Entries taken from a collection:
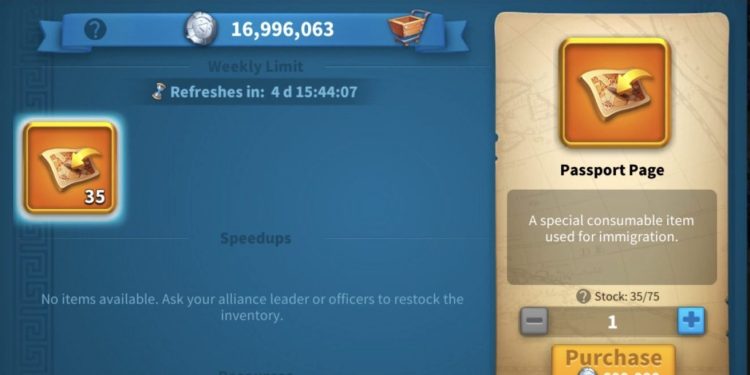 129 Million power. VIP 19. 2500 USD + our Fee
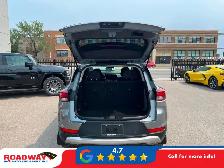 2025 Chevrolet TrailBlazer LT Heated Seats   Steering Wheel |... - Photo 6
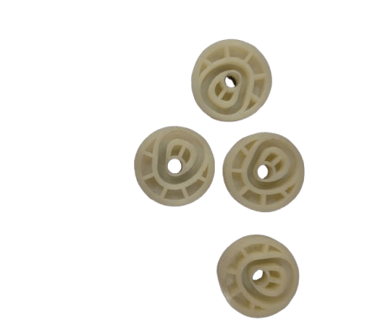 40310 Fischbein spare part for bag closer machine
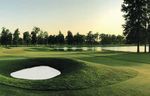 Golf Around the World - 2021 Fourth Edition - The R&A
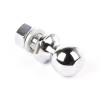 Rugged Ridge 11305.03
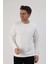 Erkek Sweatshirt 6
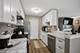 446 Valley Unit 201, Naperville, IL 60563
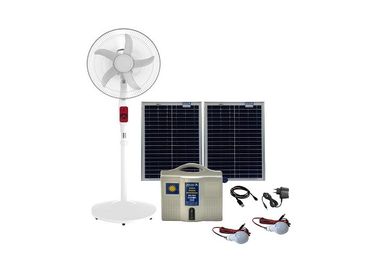 Mua Du lịch sa mạc Portable Solar Panel Charger Bộ điều khiển ánh sáng tự động online manufacture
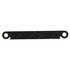 22-60617-000 by FREIGHTLINER - Battery Box Bracket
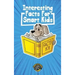 Interesting Facts for Smart Kids: 1,000+ Fun Facts for Curious Kids and Their Families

TASK DETAILS: Reproduce all the records verbatim, excluding images.

REPLY TO THE EXERCISE:
 129 Million power. VIP 19. 2500 USD + our Fee
 2025 Chevrolet TrailBlazer LT Heated Seats   Steering Wheel |... - Photo 6
 40310 Fischbein spare part for bag closer machine
 Golf Around the World - 2021 Fourth Edition - The R&A
 Rugged Ridge 11305.03
 Erkek Sweatshirt 6
 446 Valley Unit 201, Naperville, IL 60563
 Mua Du lịch sa mạc Portable Solar Panel Charger Bộ điều khiển ánh sáng tự động online manufacture
 22-60617-000 by FREIGHTLINER - Battery Box Bracket
 Interesting Facts for Smart Kids: 1,000+ Fun Facts for Curious Kids and Their Families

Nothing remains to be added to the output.